While flooding is nothing new, the governmental advice and scientific consensus is that our flood risk has and will continue to increase as global warming takes hold; hence, we must prepare in earnest. In this article, we will investigate the effect of the rising flood risk on commercial property, and what can reasonably be done to put in place protections to avoid disruption to landlords and business owners.
Impact of flooding on commercial property values
Flood risks can negatively impact the value of commercial property for several reasons. Firstly, building owners and businesses in locations with higher flood risk may find less availability of affordable commercial building insurance.
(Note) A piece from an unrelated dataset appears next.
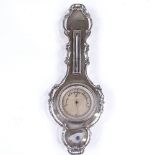 A small Edwardian novelty silver banjo-shaped barometer / thermometer, with pierced foliate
This has been less of a concern since 2016, however, when the British Insurance Brokers’ Association (BIBA) launched a new commercial property insurance scheme for businesses not covered under Flood Re (the scheme to provide affordable flood risk insurance for residential property owners). This has afforded SMEs greater access to commercial insurance with flood cover. In addition, flood excess insurance policies can also be used to mitigate the high cost of flood insurance excesses in the event of a claim.
Secondly, most businesses undertake due diligence prior to entering into a commercial lease arrangement and, given the option, may favour a property which does not place their business continuity at risk.
And thirdly, lenders may be more reluctant to grant commercial loans on property which is at significant risk of flooding.
The key to protecting against the risk of possible diminishing values on commercial property is to undertake robust due diligence from the outset. However, according to a report by The College of Estate Management, flood risk related due diligence is increasingly used beyond the initial purchase decision process and is now used to inform ‘post-acquisition adaptation and risk management’. This means that if a property is in a known area of flood risk, if adaptations and changes can be made which mitigate the potential for such events, this can offset the potential loss of value.
Flooding can lead to commercial property lease disputes
It is essential for landlords to understand their contractual risk exposure when it comes to flooding. While it is typically the landlord’s duty to ensure their land and building from flooding related damage, disputes may arise in relation to rent payments if a tenant’s business is interrupted during a flood event. It should be clear who is responsible if damage has occurred to assets located within the property, including stock, machinery, and equipment. Any uninsured risks should also be understood by both landlord and tenant and a prior agreement for potential liability reached.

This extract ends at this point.